## [PROBLEM STATEMENT]
Write again exactly the lines in the listing below, starting at the line with "vidaXL Boekenkast/kamerscherm 60x35x103" and ending at the line with "Porte clé en cuir Canard zombie", both included. Pictures are not copied.

## [SUPPLIED RECORDS]
━━━━━━
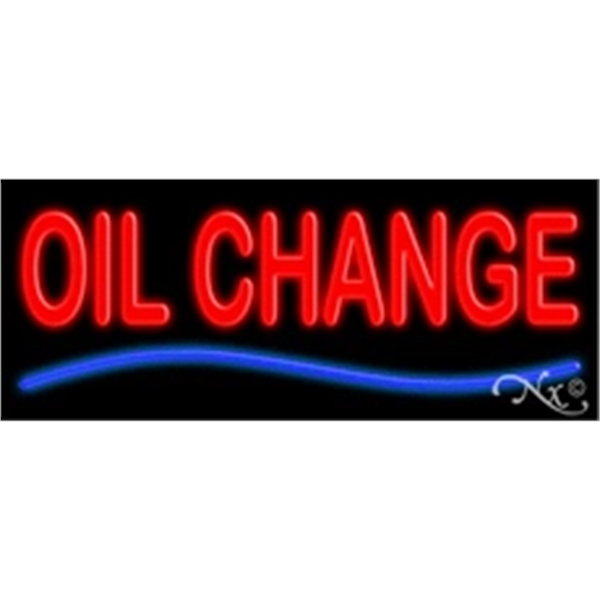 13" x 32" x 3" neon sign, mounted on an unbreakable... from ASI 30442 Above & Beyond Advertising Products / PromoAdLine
━━━━━━
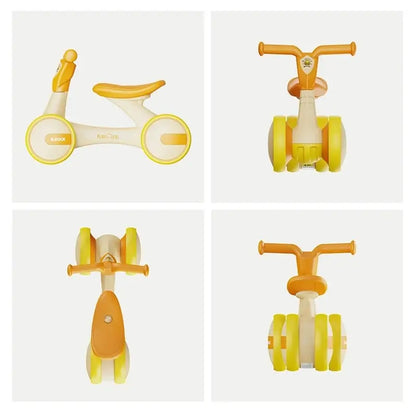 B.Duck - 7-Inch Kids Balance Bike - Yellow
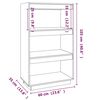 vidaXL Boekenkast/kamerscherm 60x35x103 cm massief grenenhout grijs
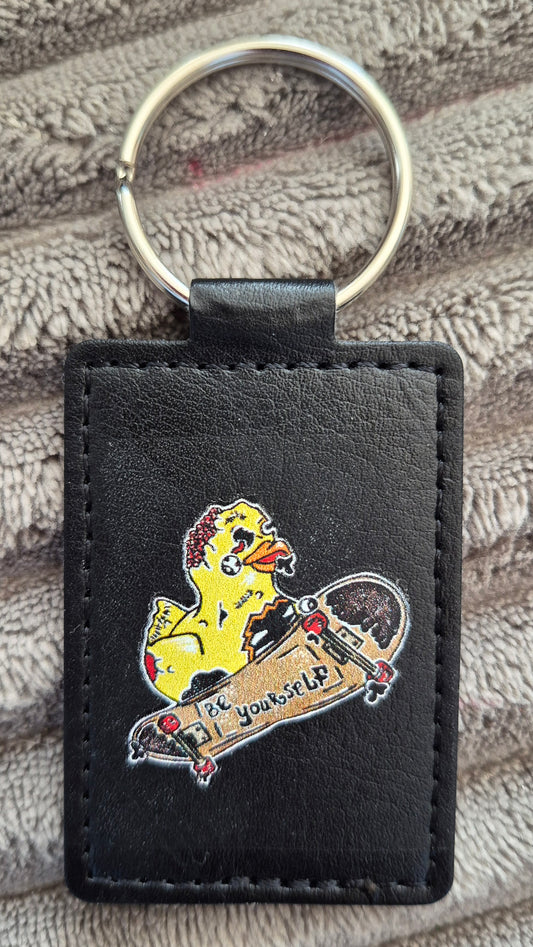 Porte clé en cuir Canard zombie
━━━━━━
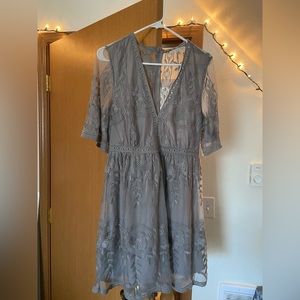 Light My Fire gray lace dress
━━━━━━
## [EXERCISE RESULT]
 vidaXL Boekenkast/kamerscherm 60x35x103 cm massief grenenhout grijs
 Porte clé en cuir Canard zombie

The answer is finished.